Choose small probability \(\alpha\) and find reasonable critical regions that make the probability for Type I error be bounded by \(\alpha\).

Among these critical regions, minimize the probability for Type II error.

Note that we have \[ 1 - \mathbb{P}_\theta ( \text{Type II error}) = \mathbb{P}_\theta \left[ (X_1, \dots, X_n) \in C \right].\]

This inspires the following definitions

**Definition 4.1 (size (significance level) of critical region) **We say that a critical region \(C\) is of *size* (or *significance level*) \(\alpha\) if
\[ \alpha = \sup_{\theta \in D_0} \mathbb{P}_\theta \left[ (X_1, \dots, X_n) \in C \right].\]

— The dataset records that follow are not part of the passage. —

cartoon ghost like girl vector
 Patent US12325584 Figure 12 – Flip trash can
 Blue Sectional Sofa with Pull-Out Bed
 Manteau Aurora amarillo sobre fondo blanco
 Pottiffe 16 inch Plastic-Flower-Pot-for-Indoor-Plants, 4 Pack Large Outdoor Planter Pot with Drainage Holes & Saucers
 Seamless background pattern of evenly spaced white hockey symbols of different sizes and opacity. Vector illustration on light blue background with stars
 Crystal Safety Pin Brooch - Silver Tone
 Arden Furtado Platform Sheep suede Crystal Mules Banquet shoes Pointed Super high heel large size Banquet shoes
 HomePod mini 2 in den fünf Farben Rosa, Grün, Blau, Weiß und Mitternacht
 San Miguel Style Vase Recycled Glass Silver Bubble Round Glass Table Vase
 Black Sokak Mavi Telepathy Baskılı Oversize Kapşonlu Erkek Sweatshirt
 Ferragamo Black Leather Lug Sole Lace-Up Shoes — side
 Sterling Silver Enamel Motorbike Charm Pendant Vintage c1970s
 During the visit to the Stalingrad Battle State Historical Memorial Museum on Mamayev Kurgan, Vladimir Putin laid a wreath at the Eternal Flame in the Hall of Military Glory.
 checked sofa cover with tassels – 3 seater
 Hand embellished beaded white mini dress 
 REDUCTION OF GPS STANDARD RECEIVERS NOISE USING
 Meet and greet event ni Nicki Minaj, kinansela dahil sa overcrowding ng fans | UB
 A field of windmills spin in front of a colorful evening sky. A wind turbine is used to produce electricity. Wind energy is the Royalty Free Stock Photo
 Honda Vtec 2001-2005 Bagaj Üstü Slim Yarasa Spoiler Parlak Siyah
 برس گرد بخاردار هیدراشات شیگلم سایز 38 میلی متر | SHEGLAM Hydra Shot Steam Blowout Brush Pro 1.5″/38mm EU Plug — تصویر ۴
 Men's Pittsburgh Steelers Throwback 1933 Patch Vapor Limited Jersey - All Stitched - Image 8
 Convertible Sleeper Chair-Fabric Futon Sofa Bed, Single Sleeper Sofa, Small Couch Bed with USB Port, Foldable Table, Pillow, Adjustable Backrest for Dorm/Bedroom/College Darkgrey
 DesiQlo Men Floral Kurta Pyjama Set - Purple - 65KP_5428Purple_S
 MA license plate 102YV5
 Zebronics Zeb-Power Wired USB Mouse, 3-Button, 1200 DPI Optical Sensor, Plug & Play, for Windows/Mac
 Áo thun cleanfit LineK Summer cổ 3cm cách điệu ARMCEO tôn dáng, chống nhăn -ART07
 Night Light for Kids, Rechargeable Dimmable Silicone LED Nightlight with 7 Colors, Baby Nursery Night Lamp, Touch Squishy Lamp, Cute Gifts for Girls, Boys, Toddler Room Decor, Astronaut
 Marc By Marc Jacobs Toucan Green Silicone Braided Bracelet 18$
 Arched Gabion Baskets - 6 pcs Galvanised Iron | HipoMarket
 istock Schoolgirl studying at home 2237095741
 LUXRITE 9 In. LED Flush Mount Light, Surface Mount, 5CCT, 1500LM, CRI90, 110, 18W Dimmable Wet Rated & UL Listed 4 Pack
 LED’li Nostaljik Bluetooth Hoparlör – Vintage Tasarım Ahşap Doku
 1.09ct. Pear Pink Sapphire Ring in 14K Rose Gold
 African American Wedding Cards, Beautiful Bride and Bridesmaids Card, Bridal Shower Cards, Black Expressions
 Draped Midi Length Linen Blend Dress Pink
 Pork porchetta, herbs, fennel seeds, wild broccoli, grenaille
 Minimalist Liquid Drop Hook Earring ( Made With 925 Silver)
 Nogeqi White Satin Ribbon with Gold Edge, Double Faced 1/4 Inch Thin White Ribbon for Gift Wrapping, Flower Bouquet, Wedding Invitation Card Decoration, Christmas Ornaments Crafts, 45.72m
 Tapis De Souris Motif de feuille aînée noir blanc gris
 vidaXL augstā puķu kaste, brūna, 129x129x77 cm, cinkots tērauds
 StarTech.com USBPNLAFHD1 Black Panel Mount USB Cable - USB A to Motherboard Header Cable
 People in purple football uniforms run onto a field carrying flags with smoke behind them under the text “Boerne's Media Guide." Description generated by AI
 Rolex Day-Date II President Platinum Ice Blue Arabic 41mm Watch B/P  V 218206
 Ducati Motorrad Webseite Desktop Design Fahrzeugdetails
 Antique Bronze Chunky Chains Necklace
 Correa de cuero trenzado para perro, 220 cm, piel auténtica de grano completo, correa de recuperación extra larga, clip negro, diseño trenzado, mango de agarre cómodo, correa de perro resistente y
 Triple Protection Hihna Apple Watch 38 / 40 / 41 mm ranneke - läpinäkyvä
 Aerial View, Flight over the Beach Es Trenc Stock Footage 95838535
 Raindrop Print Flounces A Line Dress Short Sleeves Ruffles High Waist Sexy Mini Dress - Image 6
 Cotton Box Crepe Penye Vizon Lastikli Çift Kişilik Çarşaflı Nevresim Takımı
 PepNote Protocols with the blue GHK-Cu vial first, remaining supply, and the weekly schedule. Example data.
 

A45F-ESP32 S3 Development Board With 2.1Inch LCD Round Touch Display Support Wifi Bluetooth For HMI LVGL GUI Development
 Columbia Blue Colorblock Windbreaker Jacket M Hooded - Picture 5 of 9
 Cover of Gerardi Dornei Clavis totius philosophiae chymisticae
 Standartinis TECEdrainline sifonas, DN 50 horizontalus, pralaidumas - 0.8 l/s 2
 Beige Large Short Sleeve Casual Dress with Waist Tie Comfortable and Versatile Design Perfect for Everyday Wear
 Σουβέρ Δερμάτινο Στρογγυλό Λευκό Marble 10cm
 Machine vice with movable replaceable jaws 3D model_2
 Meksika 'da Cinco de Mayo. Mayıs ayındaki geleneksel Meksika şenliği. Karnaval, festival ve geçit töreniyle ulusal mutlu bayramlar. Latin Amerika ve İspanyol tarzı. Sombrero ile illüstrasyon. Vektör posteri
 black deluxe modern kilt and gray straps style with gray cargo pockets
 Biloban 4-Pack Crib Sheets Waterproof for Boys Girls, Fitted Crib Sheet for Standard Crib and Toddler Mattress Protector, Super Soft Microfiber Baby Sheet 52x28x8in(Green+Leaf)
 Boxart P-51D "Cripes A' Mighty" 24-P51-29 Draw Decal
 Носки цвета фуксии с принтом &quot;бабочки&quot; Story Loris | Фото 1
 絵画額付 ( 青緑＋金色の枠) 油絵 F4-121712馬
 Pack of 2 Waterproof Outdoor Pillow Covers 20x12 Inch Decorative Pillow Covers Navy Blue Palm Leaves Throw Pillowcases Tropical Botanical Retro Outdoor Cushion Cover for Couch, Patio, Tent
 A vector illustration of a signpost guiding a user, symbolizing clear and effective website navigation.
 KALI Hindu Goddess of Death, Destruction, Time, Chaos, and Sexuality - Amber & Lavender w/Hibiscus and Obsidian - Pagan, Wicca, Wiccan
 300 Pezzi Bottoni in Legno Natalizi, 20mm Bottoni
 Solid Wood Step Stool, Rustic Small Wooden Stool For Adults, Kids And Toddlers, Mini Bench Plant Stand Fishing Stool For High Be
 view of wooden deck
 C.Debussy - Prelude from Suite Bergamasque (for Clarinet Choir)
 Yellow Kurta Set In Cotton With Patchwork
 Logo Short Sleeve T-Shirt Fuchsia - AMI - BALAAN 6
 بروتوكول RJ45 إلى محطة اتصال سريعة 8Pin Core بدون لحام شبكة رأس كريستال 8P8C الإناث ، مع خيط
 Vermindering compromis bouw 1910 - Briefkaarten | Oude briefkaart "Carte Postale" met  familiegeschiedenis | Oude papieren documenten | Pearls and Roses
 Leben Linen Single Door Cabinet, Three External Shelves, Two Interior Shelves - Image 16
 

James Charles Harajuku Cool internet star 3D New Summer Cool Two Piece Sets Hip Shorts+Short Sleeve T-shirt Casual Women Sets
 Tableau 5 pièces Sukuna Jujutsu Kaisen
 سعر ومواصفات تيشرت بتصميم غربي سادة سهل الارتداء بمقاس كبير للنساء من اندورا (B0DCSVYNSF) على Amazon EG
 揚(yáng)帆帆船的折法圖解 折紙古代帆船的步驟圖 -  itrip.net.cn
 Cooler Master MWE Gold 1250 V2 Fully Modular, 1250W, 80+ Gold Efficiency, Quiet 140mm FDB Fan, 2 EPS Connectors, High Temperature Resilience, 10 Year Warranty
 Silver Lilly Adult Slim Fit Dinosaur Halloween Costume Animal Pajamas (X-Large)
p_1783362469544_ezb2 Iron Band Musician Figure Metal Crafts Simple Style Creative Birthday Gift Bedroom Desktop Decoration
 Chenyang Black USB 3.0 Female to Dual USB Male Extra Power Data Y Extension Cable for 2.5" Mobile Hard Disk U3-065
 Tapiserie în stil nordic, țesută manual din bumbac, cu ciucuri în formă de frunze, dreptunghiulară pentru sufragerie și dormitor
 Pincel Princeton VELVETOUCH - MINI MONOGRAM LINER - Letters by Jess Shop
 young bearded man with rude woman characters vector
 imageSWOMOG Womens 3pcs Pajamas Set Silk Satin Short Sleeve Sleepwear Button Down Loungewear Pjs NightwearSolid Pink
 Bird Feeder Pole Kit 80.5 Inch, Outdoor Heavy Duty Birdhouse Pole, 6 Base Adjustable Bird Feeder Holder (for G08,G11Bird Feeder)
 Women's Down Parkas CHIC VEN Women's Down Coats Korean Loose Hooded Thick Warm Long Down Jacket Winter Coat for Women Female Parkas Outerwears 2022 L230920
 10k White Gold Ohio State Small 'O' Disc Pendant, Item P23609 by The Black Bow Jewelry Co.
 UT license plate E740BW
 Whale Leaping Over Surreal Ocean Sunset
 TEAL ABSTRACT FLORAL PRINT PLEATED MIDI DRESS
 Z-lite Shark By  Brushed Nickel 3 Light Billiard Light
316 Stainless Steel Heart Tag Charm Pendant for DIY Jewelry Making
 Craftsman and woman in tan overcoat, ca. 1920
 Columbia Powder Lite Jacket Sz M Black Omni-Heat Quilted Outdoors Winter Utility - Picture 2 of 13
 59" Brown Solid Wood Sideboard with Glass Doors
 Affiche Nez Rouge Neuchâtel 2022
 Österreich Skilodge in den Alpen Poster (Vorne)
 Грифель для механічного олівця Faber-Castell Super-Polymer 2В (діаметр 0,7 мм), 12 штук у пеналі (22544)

**Definition 4.2 (Power function of critical region) **A *power function* of a critical region \(C\) is a function \(\gamma_C: D_1 \to [0,1]\)
so that
\[ \gamma_C(\theta) = \mathbb{P}_\theta \left[ (X_1, \dots, X_n) \in C \right].\]

*Remark*. From the above discussion, the quality of a hypothesis test is really determined by
choosing the right critical region \(C\). So a test is better than another test
when the critical region of it is better than the critical region of the other one.
We, thus, need to be able to compare critical regions.

**Definition 4.3 **Given two critical regions \(C_1\) and \(C_2\) of size \(\alpha\), \(C_1\)
is better than \(C_2\) (denoted by \(C_1 \succeq C_2\)) if
\[\gamma_{C_1}(\theta) \geq \gamma_{C_2}(\theta)\,, \forall \theta \in D_1.\]

Note that, not any pair of critical regions are comparable.